TASK TO COMPLETE: Every line from the one containing "Skye Boat Song" through the end of the listing below must be given again exactly, and nothing else; exclude pictures.

DATA SEGMENT:
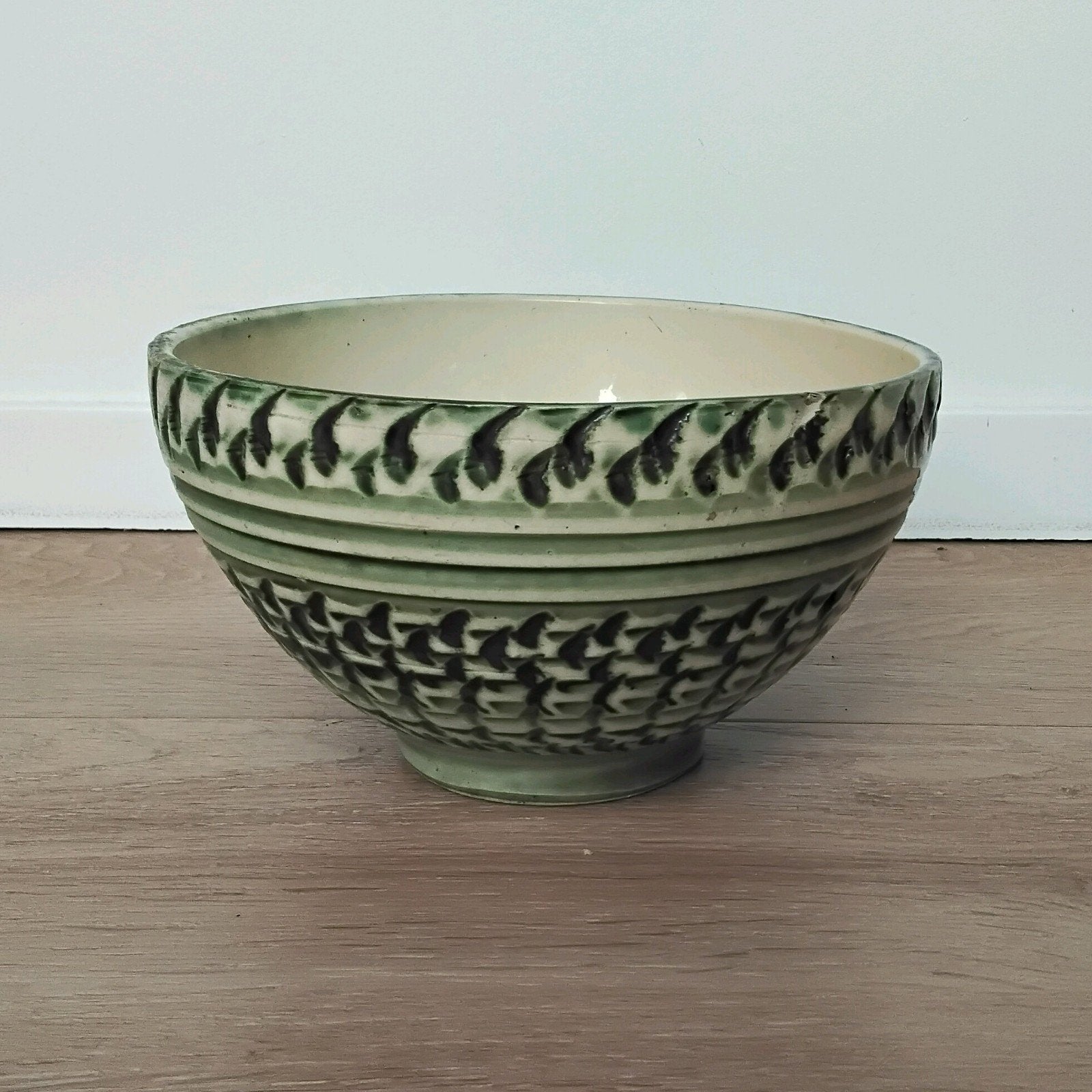 Vintage bloepot/schaal met berkenbast patroon, 17cm doorsnee, Rond, Binnen, Ophalen of Verzenden, Zo goed als nieuw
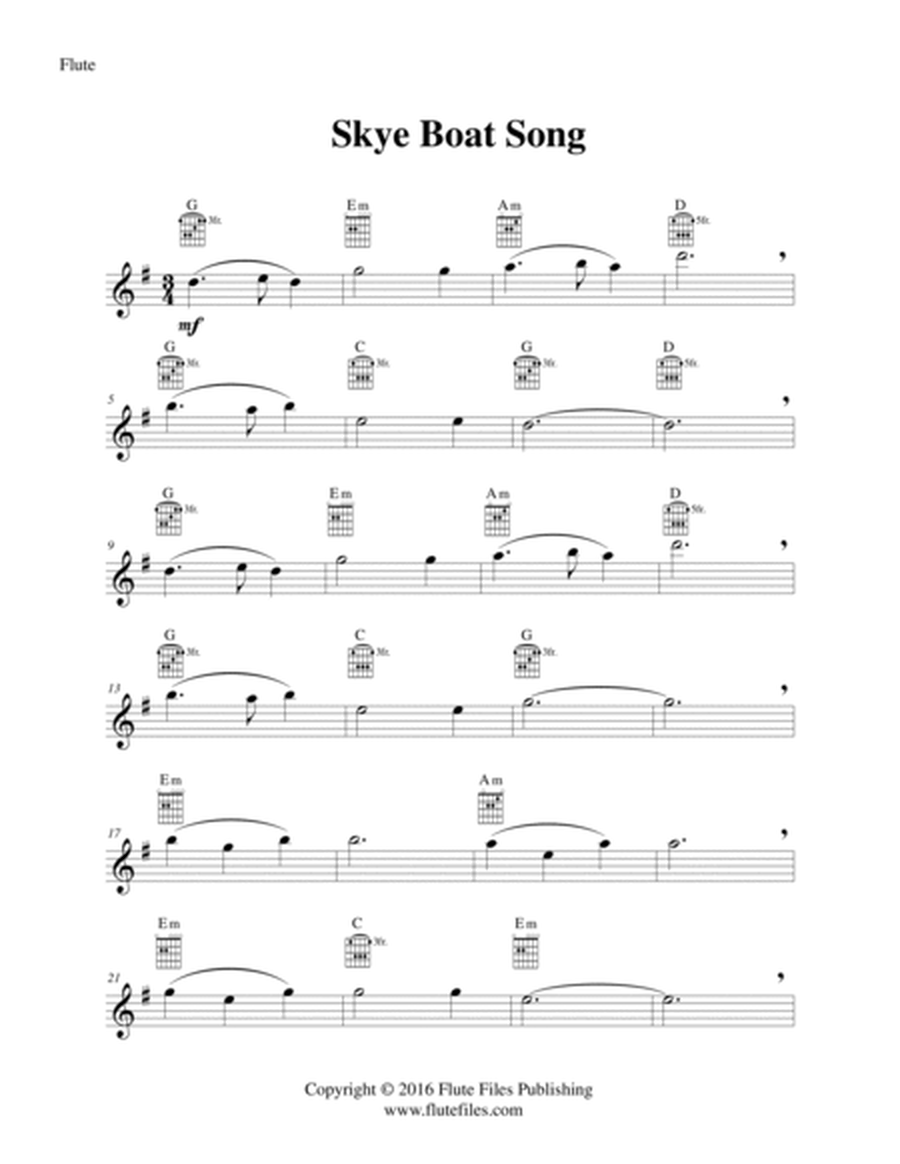 Skye Boat Song - Flute Solo with Guitar Chords image number null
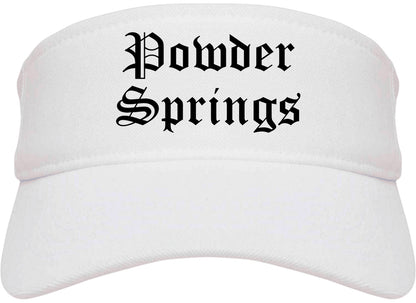 Powder Springs Georgia GA Old English Mens Visor Cap Hat White
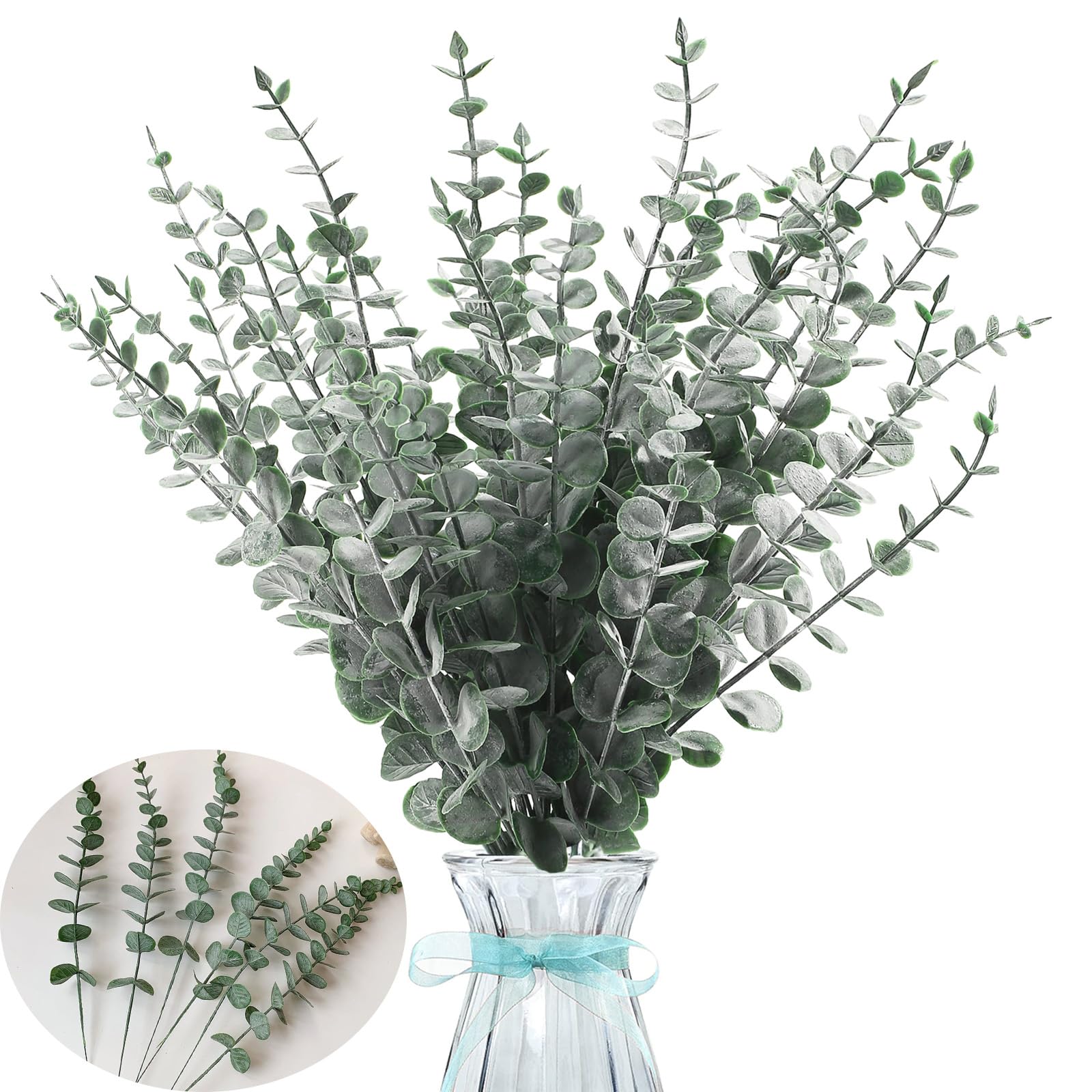 TILONKJ 30 PCS Eucalyptus Stems, Artificial Faux Greenery Leaves Branches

ANSWER TO THE PROBLEM:
 Skye Boat Song - Flute Solo with Guitar Chords image number null
 Powder Springs Georgia GA Old English Mens Visor Cap Hat White
 TILONKJ 30 PCS Eucalyptus Stems, Artificial Faux Greenery Leaves Branches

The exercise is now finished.